UEFI or Unified Extensible Firmware Interface is a software specification that defines how an operating system and device firmware communicate between each other. UEFI is not just the software standard but the actual software/system firmware itself. Embedded in the motherboard, i.e, installed from the factory, it is the first program to run when a computer boots up. Let’s exlpore UEFI in detail.

The UEFI specification defined is hardware/manufacturer agnostic and also defines standard APIs which make UEFI-level device drivers processor-independent.

On typical computers/servers UEFI is stored on the motherboard in SPI (Serial Peripheral Interface) chip on a (NOR) flash memory chip. As soon as powered on the CPU is wired to execute a Built-in Self Test, some microcode routines, potentially followed a reset vector, but it will eventually run the UEFI code from the SPI flash memory.

UEFI can be thought of as a mini OS itself. It normally comes complete with an accessible shell, the EFI shell, and a GUI, the UEFI menu. It’s worth mentioning, while many times the UEFI menu is modeled after older computer BIOS menus for familiarity, this is totally unnecessary. UEFI as a “mini OS” can support much more complex GUIs and even run games.

Settings, or parameters, set in the UEFI menu are stored separately from the “read-only” NOR chip, in an area of the SPI chip that contains NVRAM (non-volatile RAM). This NVRAM can be found in two forms, SRAM (static RAM) sometimes called “CMOS” NVRAM, or EEPROM. The former needs a battery to supply power when the main power supply is in the powered down state to maintain the parameter settings, which is from where the CMOS term comes. CMOS the acronym for complementary metal-oxide semiconductor, a type of battery powered semiconductor that has historically been used to store BIOS settings as well as keep the RTC (real time clock). The later, EEPROM, maintains its data with electral charges that maintain state without electrical power. (As a sidenote, most motherboards that make use of EEPROM will still have a battery to maintain the RTC). This is not supposed to be a post about hardware or electrical engineering, so we’ll leave that for now.

Let’s get back to the steps of the boot process, specifically the steps that make up the UEFI portion.

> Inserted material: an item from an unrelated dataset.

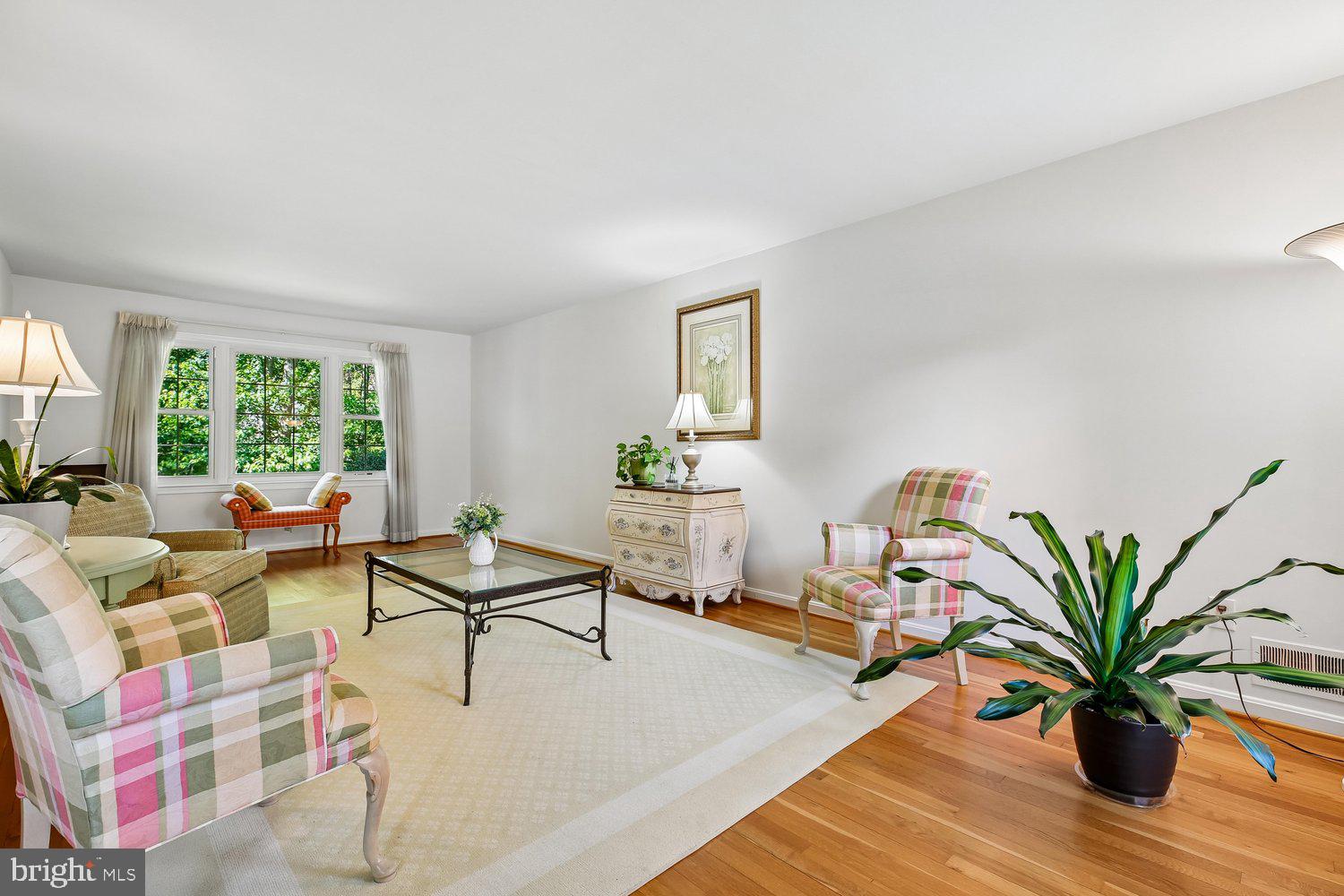 GLENFIELD MANOR - Residential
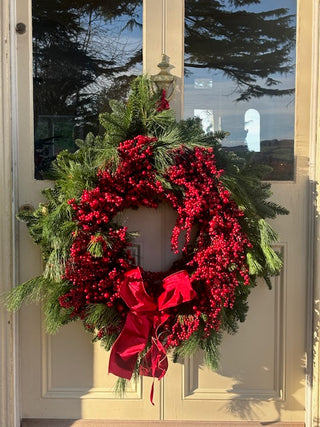 Extra Large Red Berry and Nobilis Wreath – 90cm – FRESH Christmas Wreath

+-------------------------+       +-------------------------+       +-------------------------+       +-------------------------+       +-------------------------+       +-------------------------+       +-------------------------+       +-------------------------+
|                         |       |    Firmware routines    |       |  Security (SEC) phase   |       | Pre-EFI Initialization  |       | Driver Execution        |       |  Boot Device Selection  |       |  Transient System Load  |       |   Runtime (RT) phase    |
|                         |       |-------------------------|       |-------------------------|       | (PEI) phase             |       | Environment (DXE) phase |       |  (BDS) phase            |       |  (TSL) phase            |       |-------------------------|
|                         |       |Pre-UEFI. Architecture   |       |Initalize UEFI firmware  |       |-------------------------|       |-------------------------|       |-------------------------|       |-------------------------|       |UEFI program hands full  |
|        Power on         |       |specific. Assembly       |       |and temporary memory.    |       |Test and initalize low-  |       |Load and execute EFI     |       |Boot options processed,  |       |UEFI loads and executes  |       |control to OS, exits no  |
|                         | ----> |program executed from    | ----> |Called SEC because root  | ----> |level hardware. Restore  | ----> |drivers. UEFI to OS      | ----> |boot policy decided,     | ----> |selected EFI application | ----> |longer needed firmware   |
|                         |       |flash (flush CPU cache,  |       |of trust starts here.    |       |from sleep also happens  |       |runtime services are     |       |signature verification,  |       |such as OS boot loader.  |       |processes, and clears    |
|                         |       |platform reset, etc).    |       |                         |       |here.                    |       |initialized.             |       |EFI application selected.|       |                         |       |itself from memory.      |
+-------------------------+       +-------------------------+       +-------------------------+       +-------------------------+       +-------------------------+       +-------------------------+       +-------------------------+       +-------------------------+

There is so much more to say about UEFI on areas like the EFI shell, modes of operation (Boot, User, Setup, and Update), UEFI Flash structure, networking in UEFI, and many other neat things, but maybe that’s a post for another time. With an overview of UEFI we can now focus on the Boot Device Selection (BDS) phase and after.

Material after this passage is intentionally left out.